Starting with the line below that holds "Clarks Drift Jaunt Women's" and stopping after the line that holds "carte pokémon boite", transcribe the lines exactly, leaving out all pictures.

DATA SHOWN:

* * * * * * *

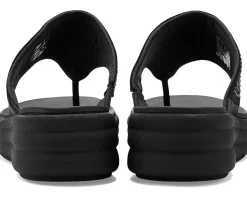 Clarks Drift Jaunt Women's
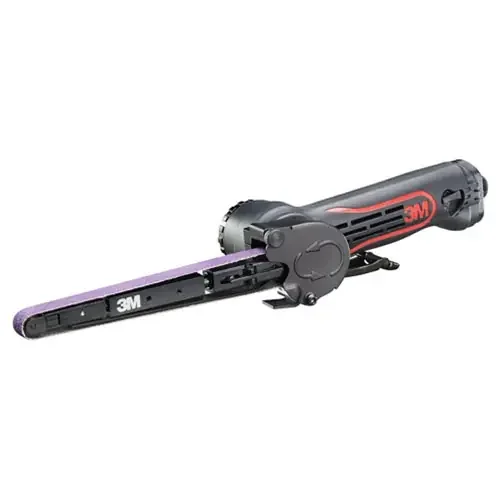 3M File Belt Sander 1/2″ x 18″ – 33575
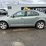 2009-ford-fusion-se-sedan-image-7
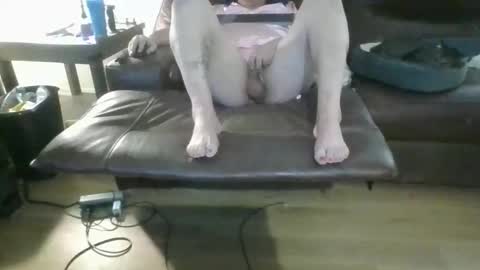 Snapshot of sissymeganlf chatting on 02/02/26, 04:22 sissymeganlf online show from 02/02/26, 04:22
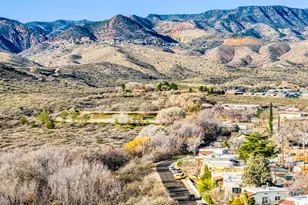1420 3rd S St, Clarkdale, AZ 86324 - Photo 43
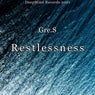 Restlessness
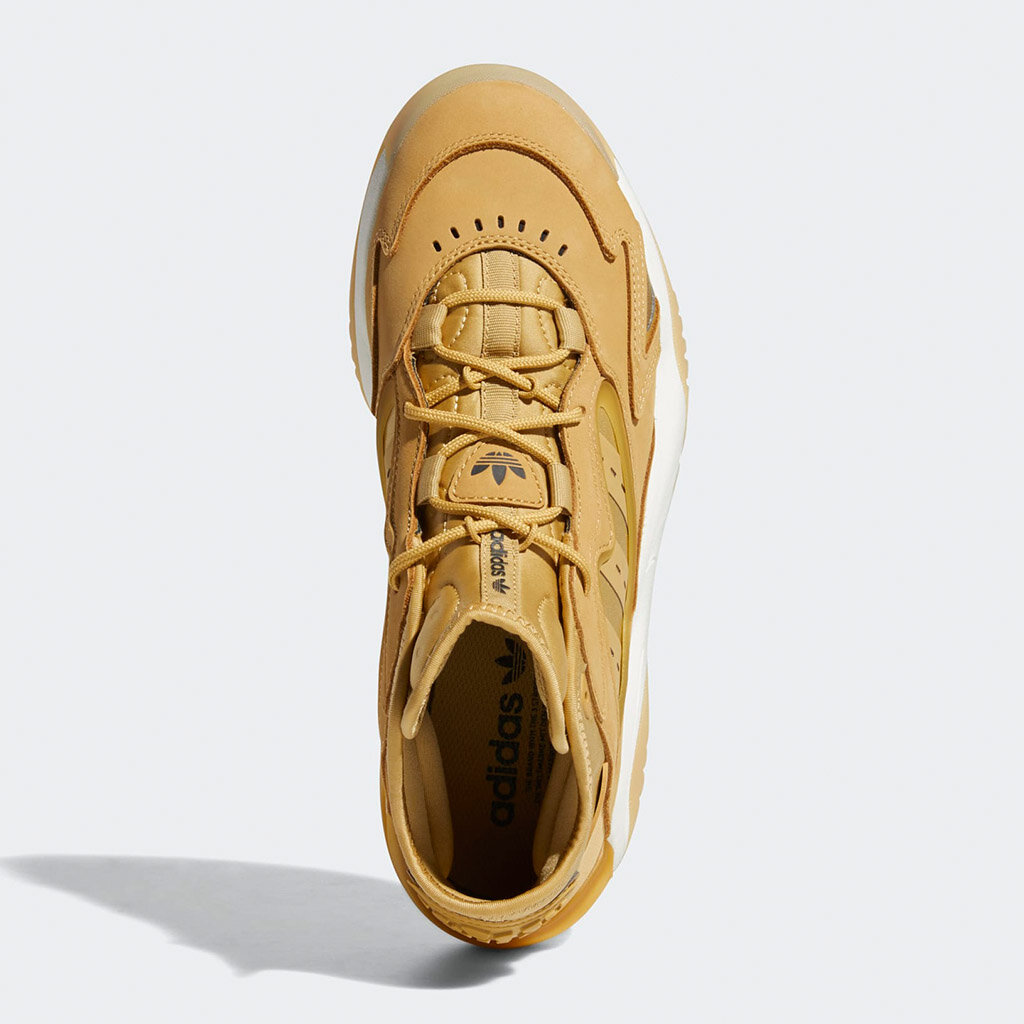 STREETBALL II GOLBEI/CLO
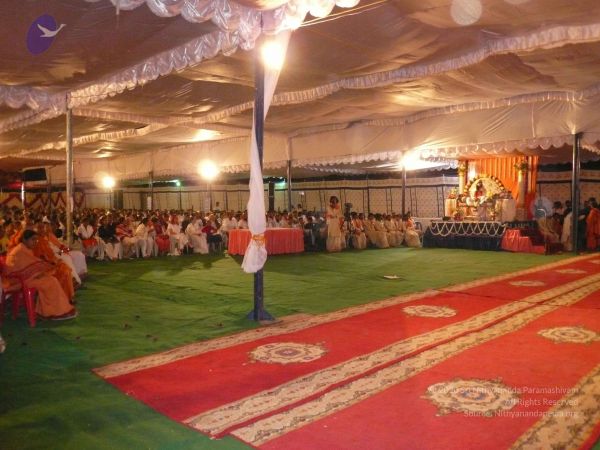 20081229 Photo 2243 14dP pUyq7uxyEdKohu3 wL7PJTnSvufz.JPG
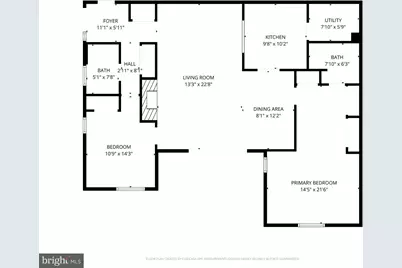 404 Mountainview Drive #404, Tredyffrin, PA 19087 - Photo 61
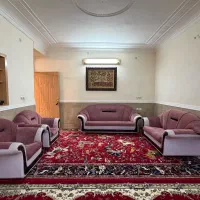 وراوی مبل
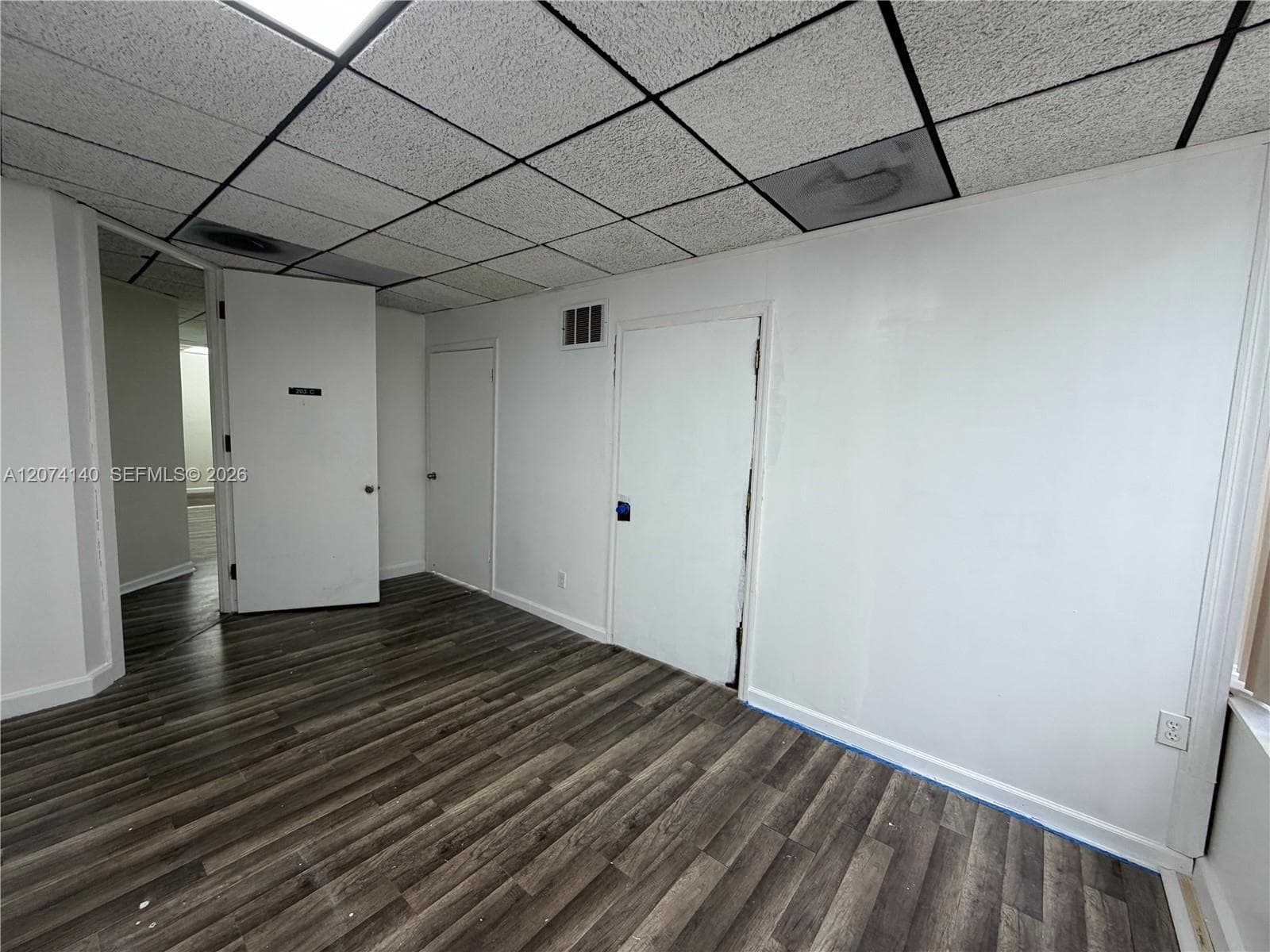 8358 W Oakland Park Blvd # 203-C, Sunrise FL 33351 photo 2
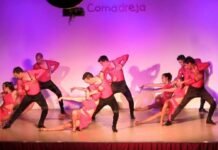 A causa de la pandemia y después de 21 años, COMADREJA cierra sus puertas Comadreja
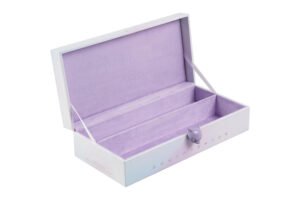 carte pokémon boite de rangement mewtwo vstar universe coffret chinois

* * * * * * *

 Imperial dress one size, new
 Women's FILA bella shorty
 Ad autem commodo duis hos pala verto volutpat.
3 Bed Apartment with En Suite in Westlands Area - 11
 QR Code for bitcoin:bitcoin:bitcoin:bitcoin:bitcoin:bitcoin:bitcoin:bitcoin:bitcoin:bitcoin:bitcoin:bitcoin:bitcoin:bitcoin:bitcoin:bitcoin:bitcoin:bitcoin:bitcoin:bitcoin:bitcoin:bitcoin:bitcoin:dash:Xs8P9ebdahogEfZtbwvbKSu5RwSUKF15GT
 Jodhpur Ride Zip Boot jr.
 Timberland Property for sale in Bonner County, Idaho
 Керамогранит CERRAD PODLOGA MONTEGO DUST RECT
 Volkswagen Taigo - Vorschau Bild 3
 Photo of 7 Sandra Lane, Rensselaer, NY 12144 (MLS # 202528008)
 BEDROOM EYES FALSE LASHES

* * * * * * *

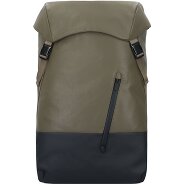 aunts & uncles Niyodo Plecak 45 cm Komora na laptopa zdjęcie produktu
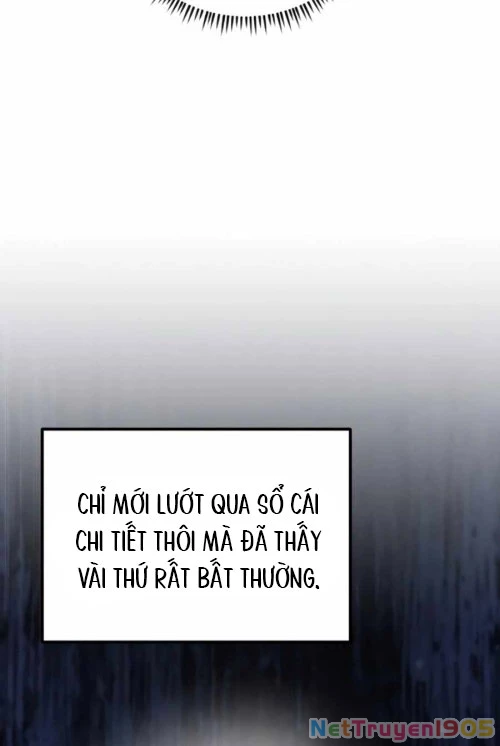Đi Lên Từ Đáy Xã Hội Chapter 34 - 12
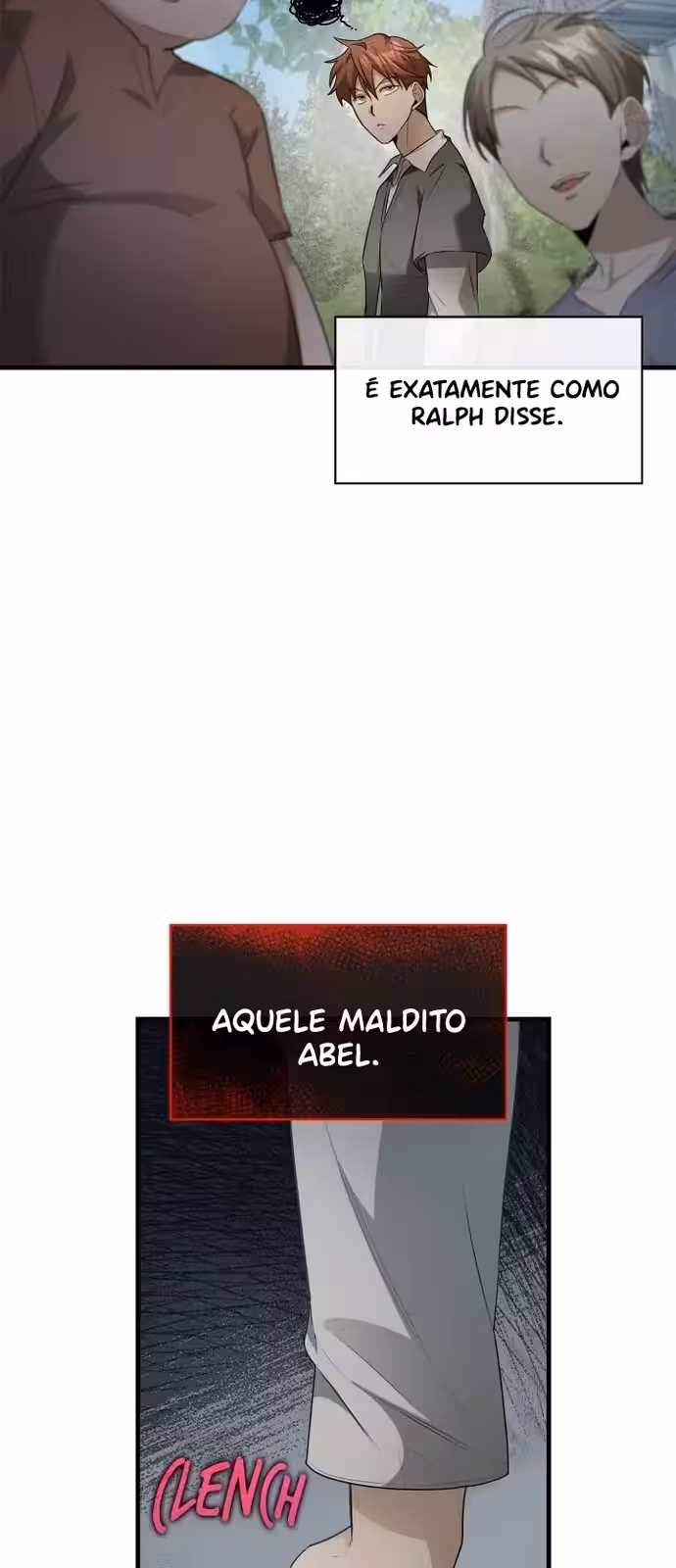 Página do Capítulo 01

* * * * * * *

RESPONSE FOR THIS EXERCISE:
 Clarks Drift Jaunt Women's
 3M File Belt Sander 1/2″ x 18″ – 33575
 2009-ford-fusion-se-sedan-image-7
 Snapshot of sissymeganlf chatting on 02/02/26, 04:22 sissymeganlf online show from 02/02/26, 04:22
1420 3rd S St, Clarkdale, AZ 86324 - Photo 43
 Restlessness
 STREETBALL II GOLBEI/CLO
 20081229 Photo 2243 14dP pUyq7uxyEdKohu3 wL7PJTnSvufz.JPG
 404 Mountainview Drive #404, Tredyffrin, PA 19087 - Photo 61
 وراوی مبل
 8358 W Oakland Park Blvd # 203-C, Sunrise FL 33351 photo 2
 A causa de la pandemia y después de 21 años, COMADREJA cierra sus puertas Comadreja
 carte pokémon boite de rangement mewtwo vstar universe coffret chinois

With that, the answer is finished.